7 novembre 2022 : Comme dans ce lieu, les mots prenaient leur temps, nous avons décidé de les devancer, en invitant des hommes de parole, des conteurs. Pourquoi des hommes ? Comme en septembre nous avions rassemblé des femmes à la fontaine parce que, entre autres, la fontaine nous inspirait quelques éléments plus féminins, il est devenu normal et intéressant de rassembler des hommes à la Centrale Frontenac, qui nous inspirait quelques éléments masculins. Après avoir été surprises, 2 jours auparavant, par l’accès fermé à la centrale, nous nous sommes repliées sur le belvédère qui domine la centrale, ce coin que nous avions négligé jusqu’ici. Tout est bien qui finit bien, c’était l’endroit idéal. À la lumière des lanternes et sous l’éclat de la lune, Claire et moi avons partagé le boire et le manger, les hommes ont partagé la parole, des histoires, ce que le lieu leur inspirait. Et nous les avons écoutés avec le plus grand plaisir. À la fin, la petite pierre colorée que nous leur avions fait choisir à l’arrivée et qu’ils ont gardée dans la main ou près du corps a été lancée à la rivière.

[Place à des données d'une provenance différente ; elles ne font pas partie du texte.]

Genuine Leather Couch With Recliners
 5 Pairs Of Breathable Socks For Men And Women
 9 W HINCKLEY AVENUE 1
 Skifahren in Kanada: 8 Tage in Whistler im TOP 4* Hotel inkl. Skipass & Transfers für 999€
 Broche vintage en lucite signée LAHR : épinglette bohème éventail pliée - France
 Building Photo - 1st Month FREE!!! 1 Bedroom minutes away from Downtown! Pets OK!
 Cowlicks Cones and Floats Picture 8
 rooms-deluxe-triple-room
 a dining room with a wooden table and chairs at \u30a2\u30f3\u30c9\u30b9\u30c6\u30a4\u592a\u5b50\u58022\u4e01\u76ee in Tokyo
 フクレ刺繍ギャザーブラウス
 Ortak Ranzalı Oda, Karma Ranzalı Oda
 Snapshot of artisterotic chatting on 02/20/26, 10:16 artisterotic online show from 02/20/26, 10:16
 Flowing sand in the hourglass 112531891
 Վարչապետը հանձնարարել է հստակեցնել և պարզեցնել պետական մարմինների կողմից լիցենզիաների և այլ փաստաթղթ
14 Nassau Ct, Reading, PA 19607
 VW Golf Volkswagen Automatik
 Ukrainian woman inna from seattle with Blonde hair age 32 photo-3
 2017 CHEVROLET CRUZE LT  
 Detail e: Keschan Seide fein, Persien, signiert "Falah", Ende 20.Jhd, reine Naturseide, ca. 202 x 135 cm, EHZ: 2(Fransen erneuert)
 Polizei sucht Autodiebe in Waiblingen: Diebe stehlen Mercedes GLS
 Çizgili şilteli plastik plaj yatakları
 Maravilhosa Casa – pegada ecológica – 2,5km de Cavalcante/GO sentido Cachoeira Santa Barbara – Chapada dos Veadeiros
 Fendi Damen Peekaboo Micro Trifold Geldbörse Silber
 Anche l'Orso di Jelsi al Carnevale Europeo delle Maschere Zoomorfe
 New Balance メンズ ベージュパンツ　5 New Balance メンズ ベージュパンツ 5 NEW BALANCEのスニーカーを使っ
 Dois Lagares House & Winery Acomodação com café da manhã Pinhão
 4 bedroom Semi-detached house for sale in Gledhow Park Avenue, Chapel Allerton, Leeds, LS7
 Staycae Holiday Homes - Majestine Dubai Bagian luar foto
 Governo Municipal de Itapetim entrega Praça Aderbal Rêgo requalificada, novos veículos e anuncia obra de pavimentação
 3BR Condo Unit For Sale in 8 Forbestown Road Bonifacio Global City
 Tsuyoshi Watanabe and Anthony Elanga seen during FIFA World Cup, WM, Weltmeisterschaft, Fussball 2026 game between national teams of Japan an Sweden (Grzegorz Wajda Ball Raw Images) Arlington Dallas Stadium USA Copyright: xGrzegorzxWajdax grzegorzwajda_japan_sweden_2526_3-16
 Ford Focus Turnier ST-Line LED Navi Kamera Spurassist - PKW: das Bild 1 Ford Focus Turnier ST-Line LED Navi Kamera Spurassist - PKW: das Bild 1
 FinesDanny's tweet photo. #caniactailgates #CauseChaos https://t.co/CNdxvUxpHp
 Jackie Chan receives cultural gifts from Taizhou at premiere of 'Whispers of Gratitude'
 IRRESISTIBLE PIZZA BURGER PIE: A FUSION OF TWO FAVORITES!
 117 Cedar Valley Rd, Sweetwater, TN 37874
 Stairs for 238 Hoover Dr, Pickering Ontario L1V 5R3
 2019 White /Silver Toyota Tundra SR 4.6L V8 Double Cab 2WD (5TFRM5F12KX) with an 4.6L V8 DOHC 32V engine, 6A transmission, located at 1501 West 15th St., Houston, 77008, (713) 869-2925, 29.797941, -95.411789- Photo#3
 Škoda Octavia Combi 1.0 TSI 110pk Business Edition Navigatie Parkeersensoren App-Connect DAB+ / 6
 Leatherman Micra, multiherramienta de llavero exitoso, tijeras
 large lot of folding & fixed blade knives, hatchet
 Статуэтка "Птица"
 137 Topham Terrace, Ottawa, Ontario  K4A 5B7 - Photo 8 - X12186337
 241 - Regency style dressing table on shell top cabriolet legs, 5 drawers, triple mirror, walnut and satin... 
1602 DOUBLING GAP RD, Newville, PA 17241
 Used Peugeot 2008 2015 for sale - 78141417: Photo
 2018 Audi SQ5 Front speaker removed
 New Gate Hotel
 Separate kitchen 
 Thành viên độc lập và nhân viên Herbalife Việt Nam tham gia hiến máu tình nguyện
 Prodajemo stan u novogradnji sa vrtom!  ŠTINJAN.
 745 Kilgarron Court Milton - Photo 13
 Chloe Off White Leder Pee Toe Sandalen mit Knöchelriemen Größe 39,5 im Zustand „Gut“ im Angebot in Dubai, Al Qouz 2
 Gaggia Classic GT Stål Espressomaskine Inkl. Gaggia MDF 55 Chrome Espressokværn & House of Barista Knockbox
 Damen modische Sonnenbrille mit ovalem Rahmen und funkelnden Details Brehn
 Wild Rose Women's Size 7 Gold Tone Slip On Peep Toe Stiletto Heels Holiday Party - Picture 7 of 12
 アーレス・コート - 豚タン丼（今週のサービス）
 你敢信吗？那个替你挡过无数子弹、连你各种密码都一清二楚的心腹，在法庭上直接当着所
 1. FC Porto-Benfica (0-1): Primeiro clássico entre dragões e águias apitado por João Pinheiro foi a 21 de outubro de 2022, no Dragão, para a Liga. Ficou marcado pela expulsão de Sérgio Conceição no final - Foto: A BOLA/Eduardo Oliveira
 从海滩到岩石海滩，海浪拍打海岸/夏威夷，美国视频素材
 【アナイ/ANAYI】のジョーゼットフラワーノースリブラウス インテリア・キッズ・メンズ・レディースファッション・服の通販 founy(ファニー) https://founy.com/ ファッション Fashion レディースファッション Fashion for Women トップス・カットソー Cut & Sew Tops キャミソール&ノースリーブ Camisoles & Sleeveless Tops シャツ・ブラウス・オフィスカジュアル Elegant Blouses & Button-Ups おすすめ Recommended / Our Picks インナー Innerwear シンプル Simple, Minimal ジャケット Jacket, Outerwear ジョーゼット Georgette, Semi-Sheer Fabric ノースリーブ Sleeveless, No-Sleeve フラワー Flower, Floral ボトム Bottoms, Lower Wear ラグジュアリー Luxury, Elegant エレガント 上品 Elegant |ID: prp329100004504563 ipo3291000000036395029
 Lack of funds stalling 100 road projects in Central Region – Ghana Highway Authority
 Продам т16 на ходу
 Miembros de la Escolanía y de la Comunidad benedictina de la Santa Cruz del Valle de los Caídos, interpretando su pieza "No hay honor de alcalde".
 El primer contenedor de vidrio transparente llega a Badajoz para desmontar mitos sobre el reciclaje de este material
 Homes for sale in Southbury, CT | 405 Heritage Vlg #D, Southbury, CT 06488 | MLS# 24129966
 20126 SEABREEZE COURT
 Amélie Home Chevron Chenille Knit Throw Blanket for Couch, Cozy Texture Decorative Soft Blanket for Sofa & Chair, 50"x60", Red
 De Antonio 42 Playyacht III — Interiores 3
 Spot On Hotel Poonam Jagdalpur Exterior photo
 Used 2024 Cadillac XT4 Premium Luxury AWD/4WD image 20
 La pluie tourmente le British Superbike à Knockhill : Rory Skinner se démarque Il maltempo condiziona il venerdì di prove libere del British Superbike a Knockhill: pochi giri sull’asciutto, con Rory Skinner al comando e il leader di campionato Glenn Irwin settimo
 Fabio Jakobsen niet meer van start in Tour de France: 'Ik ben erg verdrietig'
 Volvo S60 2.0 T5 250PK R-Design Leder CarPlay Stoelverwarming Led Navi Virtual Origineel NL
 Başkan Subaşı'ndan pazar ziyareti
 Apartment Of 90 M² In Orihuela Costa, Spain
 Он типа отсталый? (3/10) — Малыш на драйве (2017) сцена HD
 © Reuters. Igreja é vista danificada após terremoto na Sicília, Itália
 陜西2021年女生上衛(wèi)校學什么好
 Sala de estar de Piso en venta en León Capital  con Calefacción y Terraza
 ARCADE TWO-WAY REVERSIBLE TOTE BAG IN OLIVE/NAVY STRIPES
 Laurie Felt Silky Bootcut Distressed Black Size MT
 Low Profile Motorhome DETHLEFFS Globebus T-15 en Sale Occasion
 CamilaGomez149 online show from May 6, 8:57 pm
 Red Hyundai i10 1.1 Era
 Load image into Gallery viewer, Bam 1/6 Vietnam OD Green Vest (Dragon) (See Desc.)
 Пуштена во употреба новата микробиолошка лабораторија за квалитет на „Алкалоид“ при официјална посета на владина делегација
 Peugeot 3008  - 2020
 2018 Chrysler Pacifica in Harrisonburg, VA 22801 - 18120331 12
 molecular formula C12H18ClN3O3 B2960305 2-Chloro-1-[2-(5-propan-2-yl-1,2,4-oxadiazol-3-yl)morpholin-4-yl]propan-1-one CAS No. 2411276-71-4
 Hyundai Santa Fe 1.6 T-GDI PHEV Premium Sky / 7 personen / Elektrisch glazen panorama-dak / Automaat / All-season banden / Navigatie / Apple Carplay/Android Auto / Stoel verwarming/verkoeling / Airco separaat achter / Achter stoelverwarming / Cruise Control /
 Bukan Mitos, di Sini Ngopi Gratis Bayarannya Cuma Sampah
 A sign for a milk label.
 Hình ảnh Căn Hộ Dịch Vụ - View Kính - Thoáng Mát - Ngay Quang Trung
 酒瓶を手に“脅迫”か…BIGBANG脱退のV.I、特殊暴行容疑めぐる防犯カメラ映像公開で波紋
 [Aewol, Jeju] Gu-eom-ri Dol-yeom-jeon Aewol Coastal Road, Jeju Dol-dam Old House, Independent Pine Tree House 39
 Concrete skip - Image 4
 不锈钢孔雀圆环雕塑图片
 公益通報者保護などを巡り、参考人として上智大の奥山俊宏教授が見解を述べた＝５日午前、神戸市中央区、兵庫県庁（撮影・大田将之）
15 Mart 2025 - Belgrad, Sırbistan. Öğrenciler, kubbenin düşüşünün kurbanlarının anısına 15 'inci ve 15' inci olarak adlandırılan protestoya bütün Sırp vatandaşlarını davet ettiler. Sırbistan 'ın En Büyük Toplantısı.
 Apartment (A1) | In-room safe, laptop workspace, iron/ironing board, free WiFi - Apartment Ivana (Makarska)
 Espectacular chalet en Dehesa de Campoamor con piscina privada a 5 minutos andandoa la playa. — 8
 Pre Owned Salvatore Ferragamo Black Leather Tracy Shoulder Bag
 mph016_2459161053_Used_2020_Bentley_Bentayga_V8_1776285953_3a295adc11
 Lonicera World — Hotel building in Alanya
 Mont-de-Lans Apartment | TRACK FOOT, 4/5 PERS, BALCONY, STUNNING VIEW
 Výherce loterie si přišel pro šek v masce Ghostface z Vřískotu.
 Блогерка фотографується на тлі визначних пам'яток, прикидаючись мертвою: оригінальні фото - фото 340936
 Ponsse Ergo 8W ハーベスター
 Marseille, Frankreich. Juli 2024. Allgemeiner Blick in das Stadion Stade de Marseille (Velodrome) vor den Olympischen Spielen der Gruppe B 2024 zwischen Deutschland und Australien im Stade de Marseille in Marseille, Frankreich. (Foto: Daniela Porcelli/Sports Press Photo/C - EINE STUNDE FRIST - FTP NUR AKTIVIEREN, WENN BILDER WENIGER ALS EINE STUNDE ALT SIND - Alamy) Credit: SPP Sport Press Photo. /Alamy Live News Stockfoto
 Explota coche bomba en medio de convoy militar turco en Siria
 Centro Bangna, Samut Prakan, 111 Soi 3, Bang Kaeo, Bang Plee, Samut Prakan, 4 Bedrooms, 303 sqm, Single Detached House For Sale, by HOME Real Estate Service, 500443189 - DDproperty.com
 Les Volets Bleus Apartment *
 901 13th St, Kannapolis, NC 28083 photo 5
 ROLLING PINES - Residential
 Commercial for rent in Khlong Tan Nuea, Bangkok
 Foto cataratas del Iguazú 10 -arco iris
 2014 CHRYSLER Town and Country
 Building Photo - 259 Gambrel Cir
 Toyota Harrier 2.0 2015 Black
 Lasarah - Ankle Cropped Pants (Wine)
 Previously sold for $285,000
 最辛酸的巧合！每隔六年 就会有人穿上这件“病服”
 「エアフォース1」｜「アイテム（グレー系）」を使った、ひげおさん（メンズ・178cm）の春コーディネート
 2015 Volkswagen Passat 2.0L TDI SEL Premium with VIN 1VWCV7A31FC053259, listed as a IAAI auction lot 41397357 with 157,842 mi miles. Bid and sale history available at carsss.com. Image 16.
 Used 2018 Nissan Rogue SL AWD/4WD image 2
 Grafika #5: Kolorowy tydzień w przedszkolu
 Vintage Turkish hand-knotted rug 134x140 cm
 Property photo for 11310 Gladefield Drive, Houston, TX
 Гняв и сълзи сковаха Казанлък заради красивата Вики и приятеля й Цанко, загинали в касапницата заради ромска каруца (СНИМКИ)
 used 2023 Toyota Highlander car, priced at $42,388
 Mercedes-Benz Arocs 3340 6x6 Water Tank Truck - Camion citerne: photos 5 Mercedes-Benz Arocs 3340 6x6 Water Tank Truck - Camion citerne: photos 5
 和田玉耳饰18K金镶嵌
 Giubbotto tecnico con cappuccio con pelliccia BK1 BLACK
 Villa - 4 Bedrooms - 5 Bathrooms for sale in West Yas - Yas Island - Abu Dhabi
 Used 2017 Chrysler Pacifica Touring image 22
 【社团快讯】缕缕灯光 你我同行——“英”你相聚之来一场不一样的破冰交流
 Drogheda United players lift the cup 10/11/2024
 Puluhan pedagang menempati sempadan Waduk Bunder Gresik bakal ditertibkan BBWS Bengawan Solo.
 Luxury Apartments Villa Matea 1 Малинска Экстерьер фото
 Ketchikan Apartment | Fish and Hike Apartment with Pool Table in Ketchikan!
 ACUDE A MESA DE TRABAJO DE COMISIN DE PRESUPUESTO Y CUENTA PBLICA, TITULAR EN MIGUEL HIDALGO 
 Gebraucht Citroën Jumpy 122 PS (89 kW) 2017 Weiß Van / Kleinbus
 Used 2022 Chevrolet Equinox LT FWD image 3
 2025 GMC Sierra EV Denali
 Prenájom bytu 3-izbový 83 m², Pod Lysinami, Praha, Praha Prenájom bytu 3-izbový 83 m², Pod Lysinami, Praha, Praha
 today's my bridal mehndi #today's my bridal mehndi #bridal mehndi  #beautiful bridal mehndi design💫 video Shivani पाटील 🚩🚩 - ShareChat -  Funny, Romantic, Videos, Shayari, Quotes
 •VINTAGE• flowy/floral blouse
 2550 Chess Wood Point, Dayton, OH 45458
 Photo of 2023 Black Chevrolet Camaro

Ces pierres appartiennent maintenant à la rivière. Lorsque nous regarderons la rivière à cet endroit, nous saurons que la rivière porte maintenant le souvenir de cette rencontre.

Claire Jean

7 hommes de paroles installés au-dessus de l’eau. Christine avait posé des coussins, des tissus pour le confort et pour créer une forme d’intimité. Les hommes ont chuchoté, affirmé, raconté la rivière, la centrale. On a écouté. J’ai préparé et gardé au chaud les feuilletés d’épinards. J’ai versé le vin aux hommes pour délier les langues.

Des rythmes de discussion,

tantôt en survol, entre ciel et terre,

tantôt profond dans la pierre.

Tantôt trajet historique,

tantôt souvenir d’adolescence.

On s’attendait à autre chose, sans savoir quoi.

On attendait quelque chose. On cherche encore quoi.

7 hommes à la sensibilité féminine.

Pas des queers, pas des iels, pas des non genrés,

des hommes,

des amis,

des pères.

Au loin, en bruit de fond, la Centrale hydroélectrique omniprésente, presque trop. Symbole de la force de vie, de la testostérone canalisée. Binaire, non binaire ? Est-ce que chaque élément tellurique est genré ou non genré ?

On a donné aux hommes de paroles une petite pierre qu’ils ont gardée dans leur paume. À la fin de la rencontre, ils ont lancé cette petite pierre à la rivière. Pierres qui coulent, s’écoulent, roulent, s’écroulent quelque part dans les eaux douces ou tumultueuses. Des pierres qui continuent à vivre.